In this study, we analyzed single-cell data from the GSE167363 dataset and identified 10 immune cell subpopulations, with seven types of immune cells: B cells, monocytes, NK cells, CD4+ T cells, platelets, neutrophils, and CD8+ T cells. We found that neutrophils, platelets, and CD8+ T cells were significantly elevated in the disease group, with neutrophils showing the greatest increase. Thus, neutrophils were selected for further investigation as they are most closely associated with sepsis.
We conducted a differential gene analysis of neutrophils and identified 468 differentially expressed genes.
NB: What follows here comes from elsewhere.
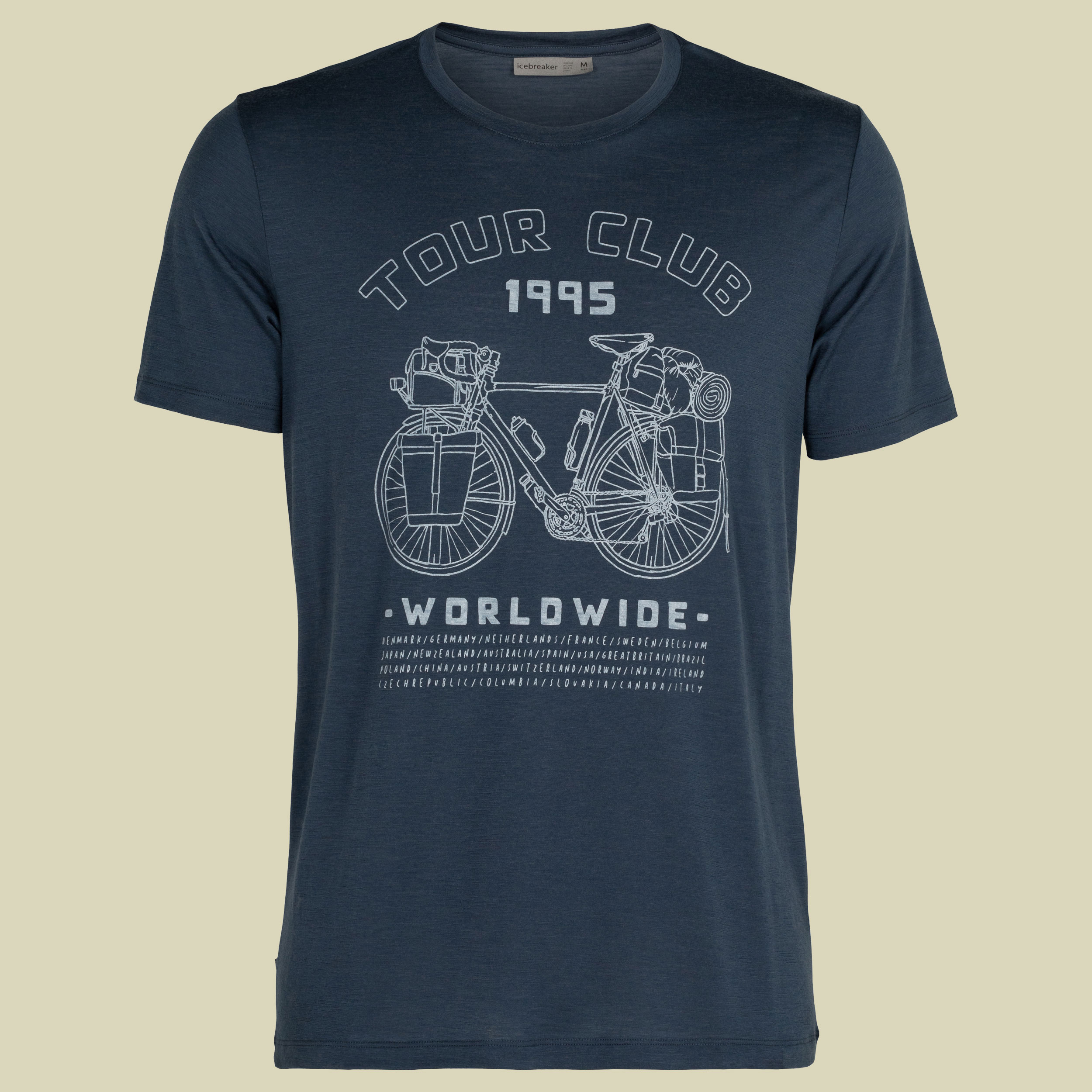 Tech Lite SS Crewe Men Artist Tees Größe L  Farbe tour club 1995 serene blue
Using Mendelian randomization, we screened 14 genes and validated their robustness by performing a sensitivity analysis. Protein-protein interaction network analysis identified five key genes: CALR, CD52, CEBPB, CSF3R, and CTSW. CALR, CD52, and CTSW were downregulated, whereas CEBPB and CSF3R were upregulated in the high-risk group. ROC curve analysis of the GSE95233 dataset confirmed that all five genes had good diagnostic potential.
Immune infiltration is integral to sepsis, as immune cells infiltrate tissues to clear pathogens and repair damaged areas [12, 13]. However, immune infiltration can be disrupted during sepsis, leading to inadequate pathogen clearance and tissue repair, exacerbating inflammation, and contributing to organ failure. We analyzed the correlation between key genes and immune cells and found strong associations with immune factors from the TISIDB database, indicating that these genes promote immune cell infiltration and sepsis progression.
Mechanistic studies using GSEA and GSVA revealed that CALR is involved in the IL-17 signaling pathway, CEBPB in the TNF signaling pathway, and CSF3R in the reactive oxygen species pathway, all of which are relevant to sepsis. Clinical validation through qRT-PCR and Western blot analysis showed consistent results, with CALR, CD52, and CTSW downregulated and CEBPB and CSF3R upregulated in neutrophils from patients with sepsis.
In conclusion, we identified five key genes associated with sepsis and immune infiltration using single-cell and Mendelian randomization analyses. These genes have the potential to be used as diagnostic markers and therapeutic targets for sepsis.